[Start of Attachment]

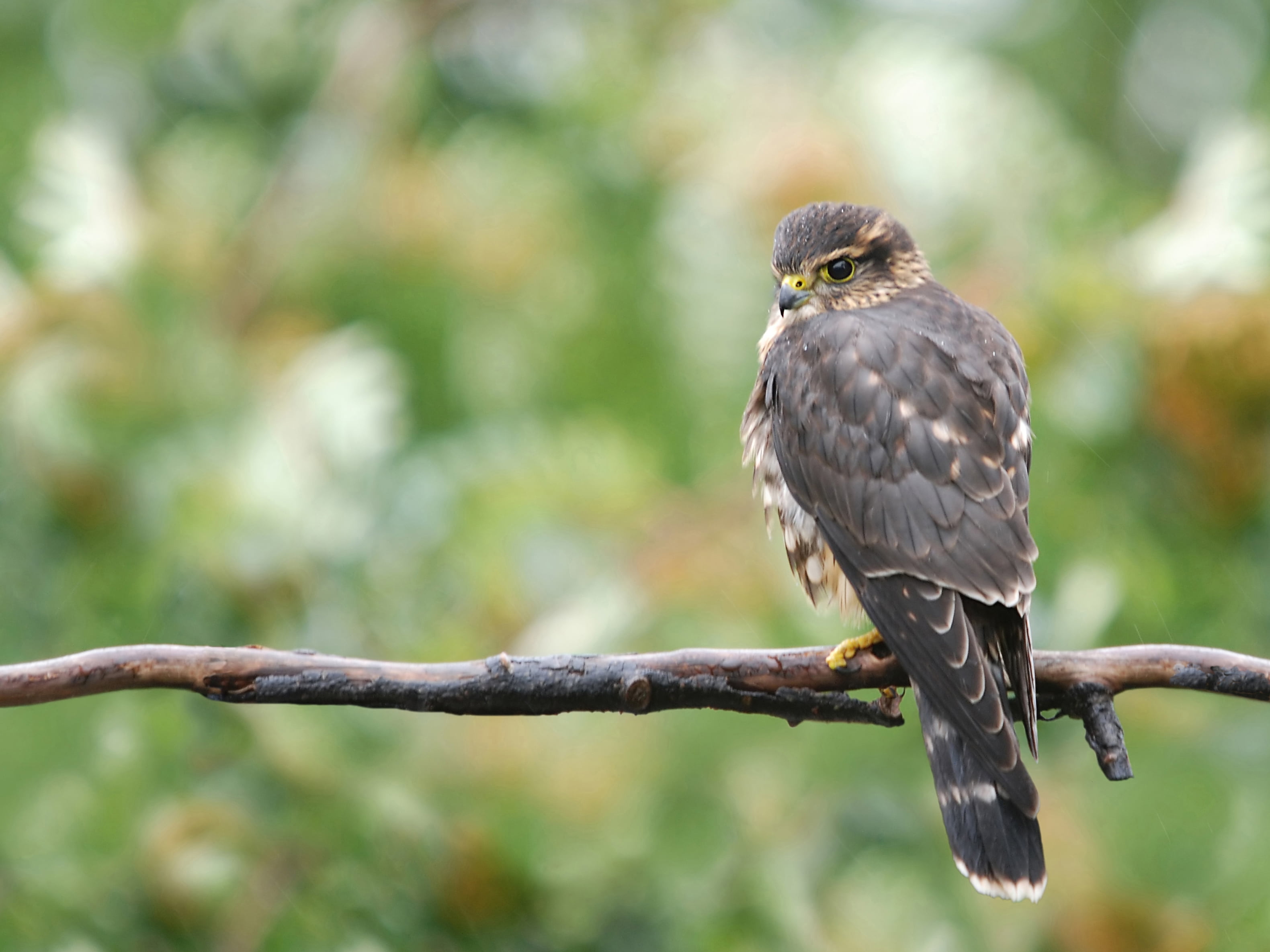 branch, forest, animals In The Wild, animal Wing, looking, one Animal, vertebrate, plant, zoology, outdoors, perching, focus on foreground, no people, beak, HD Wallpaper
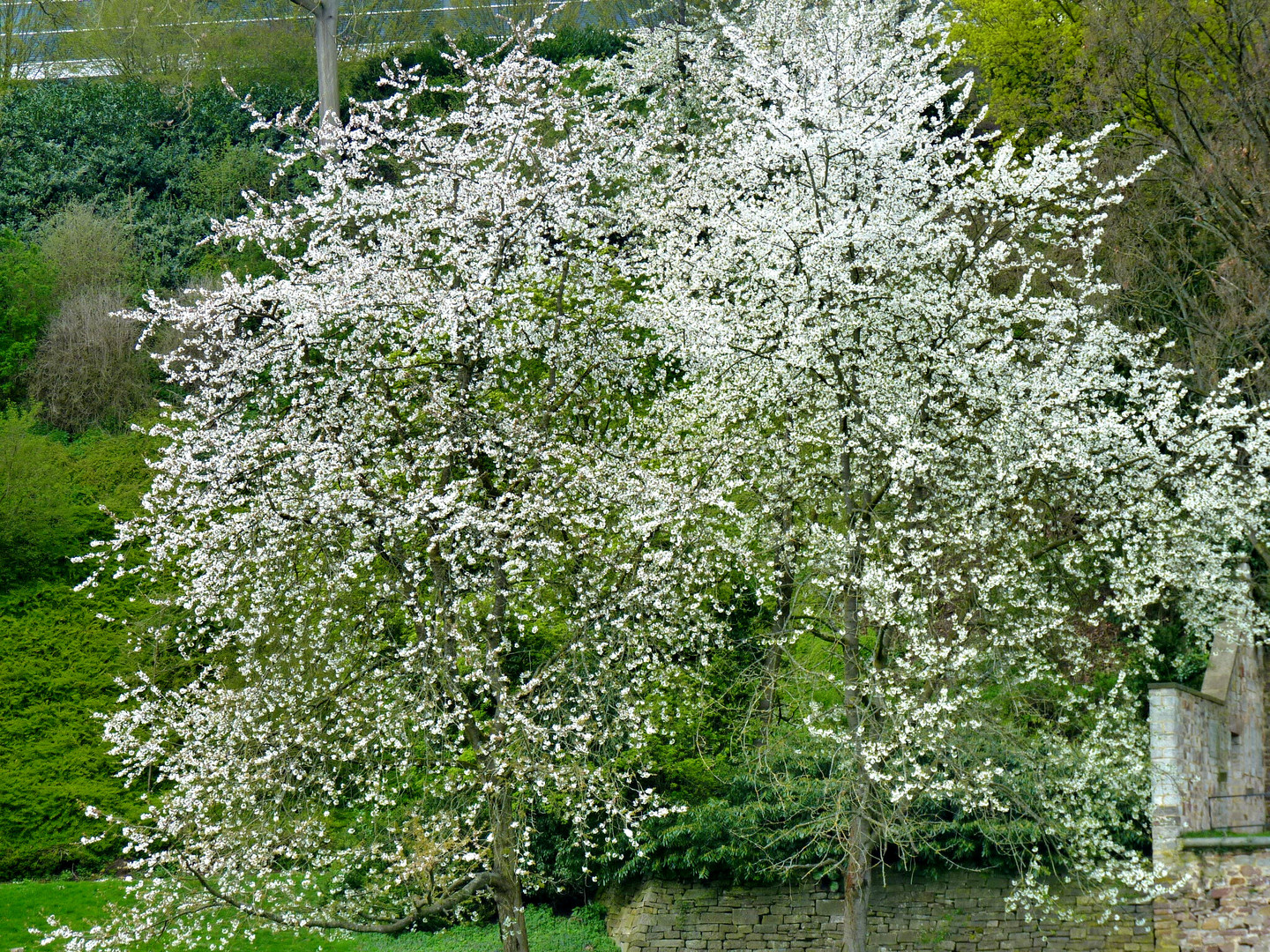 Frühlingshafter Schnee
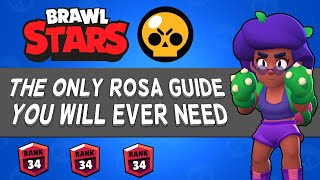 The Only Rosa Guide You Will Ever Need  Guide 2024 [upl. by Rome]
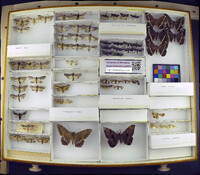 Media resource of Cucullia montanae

[End of Attachment]

▶ _Brief_
Restate, exactly as they appear, the line with "Frühlingshafter Schnee" and all the lines after it up to the end of the data above; images do not belong in the copy.

▶ _Response to this task_
 Frühlingshafter Schnee
 The Only Rosa Guide You Will Ever Need  Guide 2024 [upl. by Rome]
 Media resource of Cucullia montanae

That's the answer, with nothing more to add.